◆ PROVIDED MATERIAL ◆
----------
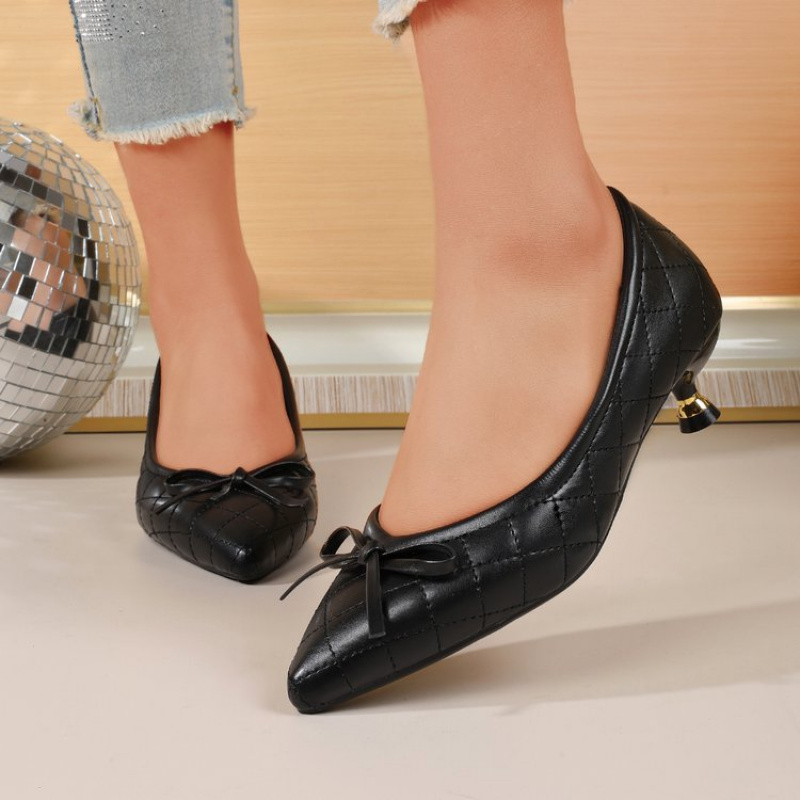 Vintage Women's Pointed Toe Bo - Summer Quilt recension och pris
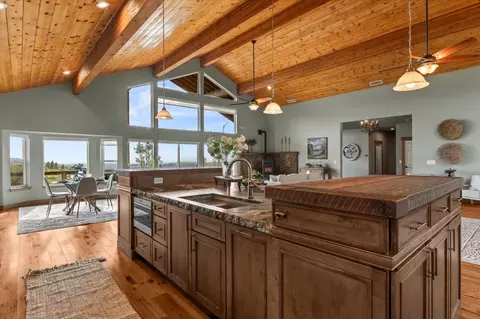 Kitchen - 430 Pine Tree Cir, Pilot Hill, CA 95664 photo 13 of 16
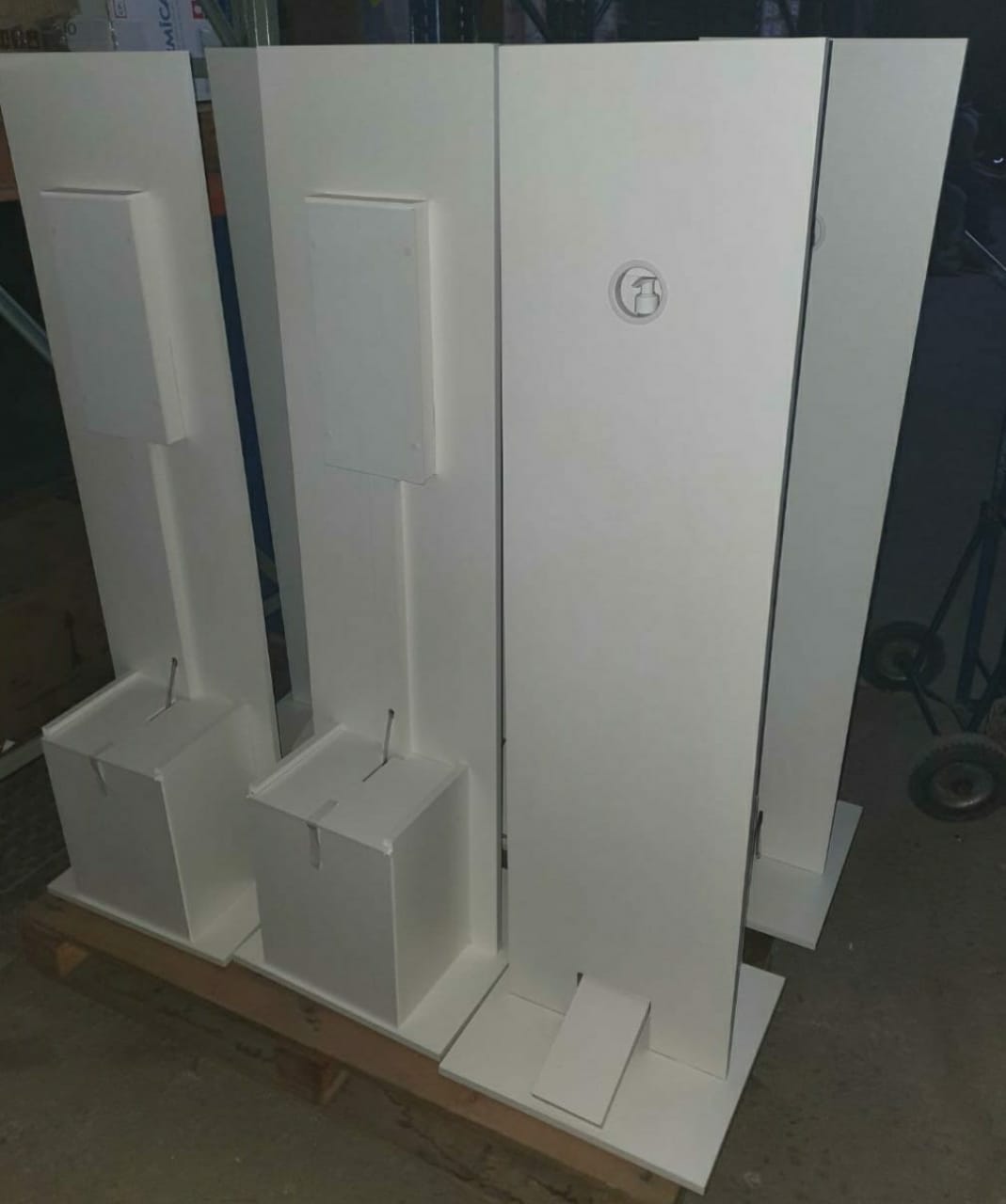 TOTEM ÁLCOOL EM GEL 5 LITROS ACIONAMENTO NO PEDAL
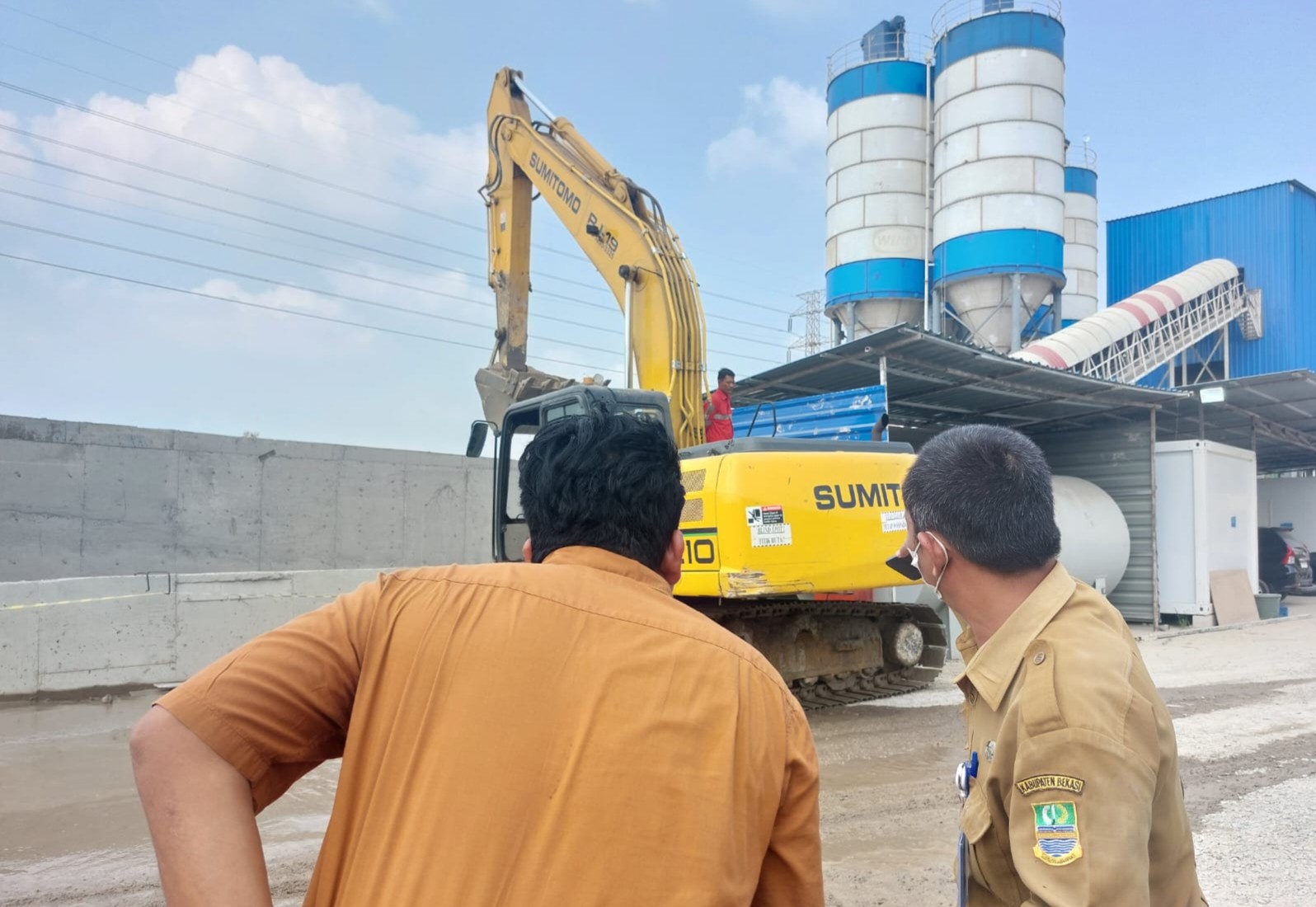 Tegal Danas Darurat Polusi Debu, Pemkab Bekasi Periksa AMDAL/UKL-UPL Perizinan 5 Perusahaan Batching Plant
----------
◆ EXERCISE OBJECTIVE ◆
Without any pictures, write out the lines running from the one containing "TOTEM ÁLCOOL EM" through the end of the listing above, both included, exactly as given.

◆ PROBLEM SOLUTION ◆
 TOTEM ÁLCOOL EM GEL 5 LITROS ACIONAMENTO NO PEDAL
 Tegal Danas Darurat Polusi Debu, Pemkab Bekasi Periksa AMDAL/UKL-UPL Perizinan 5 Perusahaan Batching Plant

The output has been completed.